L’uso indiscriminato di farmaci, anche se legali, avrebbe portato a situazioni insostenibili per i giocatori e, sempre secondo il camerunese, seconda linea del campionato francese, tuttociò avrebbe causato sindromi depressive, rischio di disabilità e tentativi di suicidio. A finire sul banco degli imputati anche i medici i quali non avrebbero il coraggio di dire di no nei casi in cui, per esigenze di risultati, le società sportive richiedono la presenza dei loro atleti anche nelle situazioni in cui dovrebbero rimanere a riposo: “Il dottore è in una posizione difficile. E’ responsabile della salute degli atleti, ma è sotto pressione perché la sua diagnosi non deve influire sulle prestazioni dell’atleta: e sa che quello vuole giocare a tutti i costi, che il club vuole vincere“.

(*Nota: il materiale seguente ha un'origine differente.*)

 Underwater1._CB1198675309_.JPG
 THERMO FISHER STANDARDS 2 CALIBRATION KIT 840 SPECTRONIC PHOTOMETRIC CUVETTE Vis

Il risultato sono giocatori stremati e spremuti fino al limite. Watchou è lapidario anche quando parla alle nuove generazioni: “Non riusciranno mai a giocare sino alla mia età, se continuano così. Quando finirò mi porterò dietro un sacco di lividi, ma loro prima dei 30 anni andranno sotto il chirurgo almeno 3 o 4 volte“. La conclusione per il rappresentante dei rugbisti in Francia è solo una e non certo positiva: “Il lato umano era al centro dello sport, la chiave di tutto: ma se perdiamo questo presupposto, dove andremo a finire?